I have an 18 1/2 ft util trailer, a 7x12 dump trailer, and a lumber/utility rack on my crew cab short bed F-250 Super Duty. Since getting/installing the Harbor Freight rack I use the trailers about 1/3 to 1/2 as much. Way less hassle with rack. I carry 20 ft lengths of steel, pipe, lumber etc.If the material is super floppy I put a board or two up with it and tie them together to reduce/eliminate floppy bouncing.
Although I have hills/slopes that make loading into the util trailer or dumper easier they are not where it is convenient so building a loading ramp is on my list. I will make a front and sloping sides out of concrete and fill with rocks, debris, and dirt with crushed limestone gravel with fines (crusher run) on top for all weather ops. I will put "weep" holes in the concrete wall to drain any accumulation water so as to avoid build up of hydrostatic pressure.I may opt to build the loading dock/ramps as a grease pit to facilitate oil changes and inspection/work on bottom side of wheeled gear.

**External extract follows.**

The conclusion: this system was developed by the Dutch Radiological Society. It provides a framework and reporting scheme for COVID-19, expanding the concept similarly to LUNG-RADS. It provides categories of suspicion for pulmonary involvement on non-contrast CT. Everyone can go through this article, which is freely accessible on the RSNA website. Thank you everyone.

As regards coals vs vac... There is a commercially available metal bucket (5 gal I think) that you put upstream of your vac. It catches the debris before it goes to the vac canister. So if there are any coals they are trapped in this metal bucket where you may cap them off air tight so they go out for later safe disposal.

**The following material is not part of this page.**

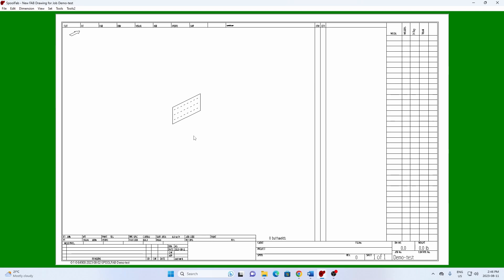Hi, this is John from SpoolFab and I'm going to show you how to use library details in your drawings.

On my list is the job of a DIY copy of a small cyclone filter made of metal to safely vac live coals, essentially a metal version of Oneida's "Dust Deputy."
Link to Dust Deputy:
Buy Oneida Molded DIY Dust Deputy Cyclone at Woodcraft
"Borrowing" their design but fabricated in metal should not be too tough. It will keep nearly all the fire residue out of the shop or wet/dry vac and its filter. I have Oneida's full sized cyclone system, a 3 HP Dust Gorilla and it works super. I expect a scaled down version to work well too.
Although I have a couple 25 ft 2 inch vac hoses that reach anywhere in my shops by plugging into the dust collection system's distributed inlets I still could use a Dust Deputy or two but am too cheap to pay their price, hence the DIY plan.

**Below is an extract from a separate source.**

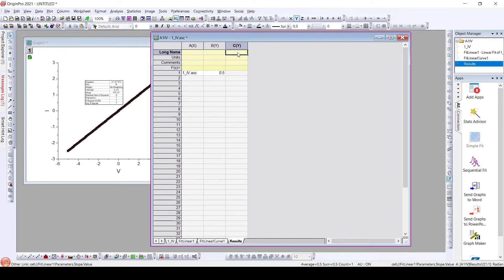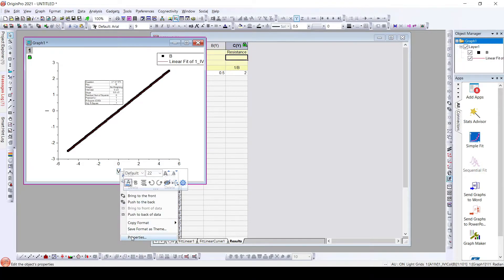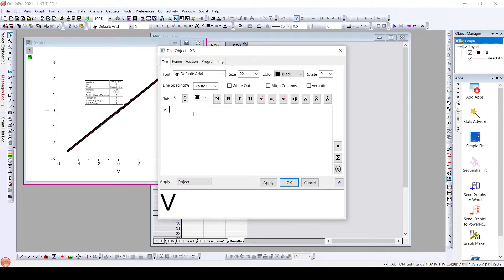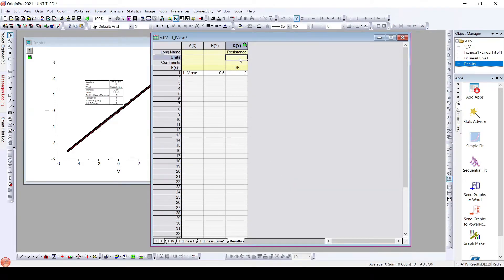Now I will add one more column called resistance, and it would be the inverse of the slope. So 1 divided by B will give us our resistance. The unit of this is ohms. To get that, I'll type capital W and change this to symbol, and paste the ohms symbol. So here we have calculated the resistance of this particular IV plot.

Oh, both the above listed trailers have ramps and built-in ramp storage but... the ramps are darned heavy so I will build the loading dock and only have to use the ramps away from home.
Note to guys using boards for ramps: Making the boards wider by 3-4 inches or more is NOT an efficient approach. Better to add a 2x4 or 2x6 at right angles to board ramp (a little shorter than ramp for clearance at the ends) on the underside of the ramps near midline of ramp. Adding the same amount of wood here is far better than adding width.
...and finally... great job building those shelves you guys. Good on you!